#### Work task
Below are records; reproduce exactly the lines from the first through the one containing "VEVOR Go Kart".

#### Excerpted data
____________________

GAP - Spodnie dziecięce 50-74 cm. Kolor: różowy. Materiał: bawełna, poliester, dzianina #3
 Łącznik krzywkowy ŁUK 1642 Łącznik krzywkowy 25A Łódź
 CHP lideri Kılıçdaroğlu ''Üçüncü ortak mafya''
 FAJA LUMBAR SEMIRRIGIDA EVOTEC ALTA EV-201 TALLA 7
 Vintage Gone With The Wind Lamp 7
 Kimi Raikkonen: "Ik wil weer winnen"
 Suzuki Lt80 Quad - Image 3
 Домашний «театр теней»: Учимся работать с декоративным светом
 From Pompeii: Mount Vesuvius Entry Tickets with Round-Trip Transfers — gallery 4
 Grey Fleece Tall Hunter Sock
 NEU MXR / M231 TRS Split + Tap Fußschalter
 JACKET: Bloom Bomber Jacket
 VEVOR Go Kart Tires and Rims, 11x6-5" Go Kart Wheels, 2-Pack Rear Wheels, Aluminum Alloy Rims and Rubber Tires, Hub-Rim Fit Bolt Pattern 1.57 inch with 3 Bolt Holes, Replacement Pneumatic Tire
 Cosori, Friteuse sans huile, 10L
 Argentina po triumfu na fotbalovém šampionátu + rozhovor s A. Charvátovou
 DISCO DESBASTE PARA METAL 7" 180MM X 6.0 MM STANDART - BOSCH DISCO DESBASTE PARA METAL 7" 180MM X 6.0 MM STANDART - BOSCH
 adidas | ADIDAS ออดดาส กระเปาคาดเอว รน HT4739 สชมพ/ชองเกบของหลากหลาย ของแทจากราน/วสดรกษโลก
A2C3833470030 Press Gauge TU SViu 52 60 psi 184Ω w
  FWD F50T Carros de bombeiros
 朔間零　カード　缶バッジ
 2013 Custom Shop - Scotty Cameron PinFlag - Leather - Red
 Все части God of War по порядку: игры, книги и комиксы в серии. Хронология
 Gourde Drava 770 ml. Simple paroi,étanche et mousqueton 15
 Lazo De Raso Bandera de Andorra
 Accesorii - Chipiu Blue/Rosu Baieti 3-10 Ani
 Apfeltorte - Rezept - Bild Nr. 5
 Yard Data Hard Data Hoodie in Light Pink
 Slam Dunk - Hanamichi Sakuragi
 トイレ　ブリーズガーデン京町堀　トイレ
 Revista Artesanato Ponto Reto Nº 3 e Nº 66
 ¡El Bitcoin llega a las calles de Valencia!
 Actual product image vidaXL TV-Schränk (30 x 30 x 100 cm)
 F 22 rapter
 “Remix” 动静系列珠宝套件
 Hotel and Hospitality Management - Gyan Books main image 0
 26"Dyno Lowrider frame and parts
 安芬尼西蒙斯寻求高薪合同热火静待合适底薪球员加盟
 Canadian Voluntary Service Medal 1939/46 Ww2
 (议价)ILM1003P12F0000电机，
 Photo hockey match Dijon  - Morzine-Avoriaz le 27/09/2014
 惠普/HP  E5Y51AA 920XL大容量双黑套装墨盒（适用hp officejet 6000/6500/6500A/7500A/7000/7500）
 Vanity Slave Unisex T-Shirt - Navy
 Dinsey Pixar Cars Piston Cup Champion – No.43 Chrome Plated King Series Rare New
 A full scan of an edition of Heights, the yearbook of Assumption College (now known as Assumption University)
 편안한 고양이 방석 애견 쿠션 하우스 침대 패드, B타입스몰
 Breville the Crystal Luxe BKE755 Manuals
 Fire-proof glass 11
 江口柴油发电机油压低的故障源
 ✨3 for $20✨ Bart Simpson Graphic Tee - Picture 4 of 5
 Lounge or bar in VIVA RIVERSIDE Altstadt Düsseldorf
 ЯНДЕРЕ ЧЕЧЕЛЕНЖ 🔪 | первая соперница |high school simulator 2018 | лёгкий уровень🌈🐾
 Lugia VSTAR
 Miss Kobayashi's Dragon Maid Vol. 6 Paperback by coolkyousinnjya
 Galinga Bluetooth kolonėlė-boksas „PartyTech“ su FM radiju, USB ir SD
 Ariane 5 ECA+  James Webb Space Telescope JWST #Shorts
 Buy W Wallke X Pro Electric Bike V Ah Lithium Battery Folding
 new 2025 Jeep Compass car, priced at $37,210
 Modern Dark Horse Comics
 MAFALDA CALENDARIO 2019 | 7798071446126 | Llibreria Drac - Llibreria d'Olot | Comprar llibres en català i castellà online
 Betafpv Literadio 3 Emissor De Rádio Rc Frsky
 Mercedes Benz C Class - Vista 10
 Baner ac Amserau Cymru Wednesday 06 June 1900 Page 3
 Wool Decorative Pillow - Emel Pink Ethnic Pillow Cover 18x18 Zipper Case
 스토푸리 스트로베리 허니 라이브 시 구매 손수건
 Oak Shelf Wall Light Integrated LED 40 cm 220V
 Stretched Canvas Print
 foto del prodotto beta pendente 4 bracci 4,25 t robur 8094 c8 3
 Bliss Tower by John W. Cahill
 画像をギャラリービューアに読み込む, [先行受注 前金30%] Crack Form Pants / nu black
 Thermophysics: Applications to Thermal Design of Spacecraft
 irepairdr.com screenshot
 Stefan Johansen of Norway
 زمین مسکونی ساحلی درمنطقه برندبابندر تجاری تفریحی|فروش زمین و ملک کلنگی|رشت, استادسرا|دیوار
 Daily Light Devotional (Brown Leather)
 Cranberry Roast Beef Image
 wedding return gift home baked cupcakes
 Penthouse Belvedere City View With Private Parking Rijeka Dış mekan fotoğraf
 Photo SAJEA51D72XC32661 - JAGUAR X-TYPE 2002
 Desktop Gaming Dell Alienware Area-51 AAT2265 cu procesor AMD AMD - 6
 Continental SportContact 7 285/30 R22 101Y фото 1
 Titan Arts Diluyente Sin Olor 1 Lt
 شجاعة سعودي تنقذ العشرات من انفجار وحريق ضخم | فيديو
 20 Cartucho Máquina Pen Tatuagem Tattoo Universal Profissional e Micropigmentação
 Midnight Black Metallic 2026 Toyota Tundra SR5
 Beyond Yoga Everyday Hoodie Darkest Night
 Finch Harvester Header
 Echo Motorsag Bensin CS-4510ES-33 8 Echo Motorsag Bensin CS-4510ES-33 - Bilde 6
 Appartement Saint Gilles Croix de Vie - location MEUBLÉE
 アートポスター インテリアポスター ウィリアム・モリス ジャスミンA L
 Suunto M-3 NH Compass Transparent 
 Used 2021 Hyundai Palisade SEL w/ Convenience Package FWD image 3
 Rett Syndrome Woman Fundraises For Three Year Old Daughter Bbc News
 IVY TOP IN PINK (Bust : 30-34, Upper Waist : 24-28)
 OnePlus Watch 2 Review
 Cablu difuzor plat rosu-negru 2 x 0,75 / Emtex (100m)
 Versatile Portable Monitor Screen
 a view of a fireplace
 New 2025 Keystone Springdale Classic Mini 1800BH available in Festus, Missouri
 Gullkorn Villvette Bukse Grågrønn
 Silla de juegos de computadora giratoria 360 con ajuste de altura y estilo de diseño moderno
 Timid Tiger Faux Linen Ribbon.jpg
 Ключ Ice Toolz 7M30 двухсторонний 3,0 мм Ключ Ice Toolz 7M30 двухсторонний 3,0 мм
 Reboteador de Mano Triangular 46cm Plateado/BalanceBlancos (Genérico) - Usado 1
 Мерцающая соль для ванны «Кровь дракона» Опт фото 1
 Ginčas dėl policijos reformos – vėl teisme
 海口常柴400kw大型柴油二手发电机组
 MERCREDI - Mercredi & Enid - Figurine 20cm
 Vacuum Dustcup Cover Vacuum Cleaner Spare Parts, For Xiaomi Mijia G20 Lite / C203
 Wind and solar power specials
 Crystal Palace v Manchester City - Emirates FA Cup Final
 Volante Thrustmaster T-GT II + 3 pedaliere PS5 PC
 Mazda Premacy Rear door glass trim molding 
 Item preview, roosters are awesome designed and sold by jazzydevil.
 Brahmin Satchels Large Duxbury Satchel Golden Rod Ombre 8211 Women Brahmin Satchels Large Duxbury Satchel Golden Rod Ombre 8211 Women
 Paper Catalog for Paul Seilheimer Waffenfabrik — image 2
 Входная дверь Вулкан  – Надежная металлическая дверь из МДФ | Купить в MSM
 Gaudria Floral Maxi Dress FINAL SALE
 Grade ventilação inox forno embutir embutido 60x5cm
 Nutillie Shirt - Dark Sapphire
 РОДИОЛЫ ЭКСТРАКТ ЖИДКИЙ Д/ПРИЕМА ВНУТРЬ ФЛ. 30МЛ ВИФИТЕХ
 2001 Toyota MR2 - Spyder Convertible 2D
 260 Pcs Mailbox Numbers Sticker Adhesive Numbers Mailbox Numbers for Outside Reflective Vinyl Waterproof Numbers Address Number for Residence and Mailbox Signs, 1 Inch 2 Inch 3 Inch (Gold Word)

____________________

#### The answer
GAP - Spodnie dziecięce 50-74 cm. Kolor: różowy. Materiał: bawełna, poliester, dzianina #3
 Łącznik krzywkowy ŁUK 1642 Łącznik krzywkowy 25A Łódź
 CHP lideri Kılıçdaroğlu ''Üçüncü ortak mafya''
 FAJA LUMBAR SEMIRRIGIDA EVOTEC ALTA EV-201 TALLA 7
 Vintage Gone With The Wind Lamp 7
 Kimi Raikkonen: "Ik wil weer winnen"
 Suzuki Lt80 Quad - Image 3
 Домашний «театр теней»: Учимся работать с декоративным светом
 From Pompeii: Mount Vesuvius Entry Tickets with Round-Trip Transfers — gallery 4
 Grey Fleece Tall Hunter Sock
 NEU MXR / M231 TRS Split + Tap Fußschalter
 JACKET: Bloom Bomber Jacket
 VEVOR Go Kart Tires and Rims, 11x6-5" Go Kart Wheels, 2-Pack Rear Wheels, Aluminum Alloy Rims and Rubber Tires, Hub-Rim Fit Bolt Pattern 1.57 inch with 3 Bolt Holes, Replacement Pneumatic Tire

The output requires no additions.